Is it possible to get a more objective view from quantitative analysis of textual data? To do this, I’m going to look at hundreds of articles published in the Guardian newspaper over the course of the year to see how trade-talk sentiment changed week-to-week.

theme_set(theme_bw())

n <- 4
palette <- "wesanderson::Chevalier1"

cols <- paletteer_d(palette, n = n)

tibble(x = 1:n, y = 1) |>
  ggplot(aes(x, y, fill = cols)) +
  geom_col(colour = "white") +
  geom_label(aes(label = cols |> str_remove("FF$")), 
             size = 4, vjust = 2, fill = "white") +
  annotate(
    "label",
    x = (n + 1) / 2, y = 0.5,
    label = palette,
    fill = "white",
    alpha = 0.8,
    size = 6
  ) +
  scale_fill_manual(values = as.character(cols)) +
  theme_void() +
  theme(legend.position = "none")

The Withdrawal Agreement between the UK and the European Union was signed on the 24th of January 2020. Brexit-related newspaper articles will be imported from that date.

Note

Since publishing this article in September 2020, an agreement was reached on December 24th 2020.

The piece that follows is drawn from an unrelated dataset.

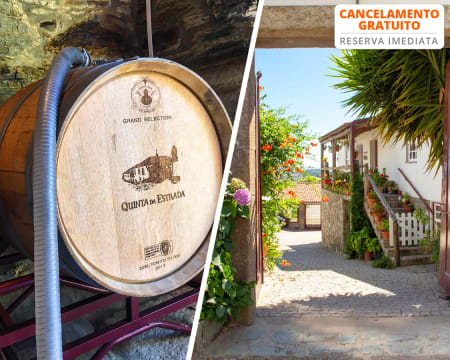 Quinta Da Estrada Winery Douro Valley - Douro | Estadia em Estúdio com Opção de Prova de Vinhos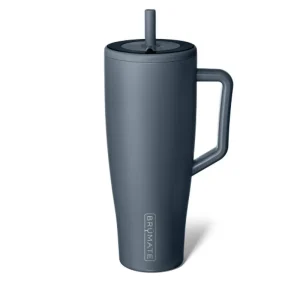 Brumate Era 40oz Straw Tumbler Night Fall Blue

The Guardian newspaper asks for requests to span no more than 1 month at a time. Creating a set of monthly date ranges will enable the requests to be chunked.

dates_df <- tibble(start_date = date_build(2020, 1:11, 25)) |> 
  mutate(end_date = add_months(start_date, 1) |> add_days(-1))

dates_df
start_date end_date
2020-01-25 2020-02-24
2020-02-25 2020-03-24
2020-03-25 2020-04-24
2020-04-25 2020-05-24
2020-05-25 2020-06-24
2020-06-25 2020-07-24
2020-07-25 2020-08-24
2020-08-25 2020-09-24
2020-09-25 2020-10-24
2020-10-25 2020-11-24
2020-11-25 2020-12-24
Important

Access to the Guardian’s API via guardianapi(Odell 2019) requires a key which may be requested here and stored in the .Renviron file.

tic()

read_slowly <- slowly(gu_content)

article_df <-
  pmap(dates_df, \(start_date, end_date) {
    read_slowly(
      "brexit",
      from_date = start_date,
      to_date = end_date
    )
  }) |> 
  list_rbind()

toc()

The data need a little cleaning, for example, to remove multi-topic articles, html tags and non-breaking spaces.

trade_df <-
  article_df |>
  filter(!str_detect(id, "/live/"), 
         section_id %in% c("world", "politics", "business")) |>
  mutate(
    body = str_remove_all(body, "<.*?>") |> str_to_lower(),
    body = str_remove_all(body, "[^a-z0-9 .-]"),
    body = str_remove_all(body, "nbsp")
  )

A corpus then gives me a collection of texts whereby each document is a newspaper article.

trade_corp <- trade_df |> 
  corpus(docid_field = "short_url", 
         text_field = "body", unique_docnames = FALSE)

Although only articles mentioning Brexit have been imported, some of these will not be related to trade negotiations with the EU. For example, there are on-going negotiations with many countries around the world. So, word embeddings(Selivanov, Bickel, and Wang 2022) will help to narrow the focus to the specific context of the UK-EU trade deal.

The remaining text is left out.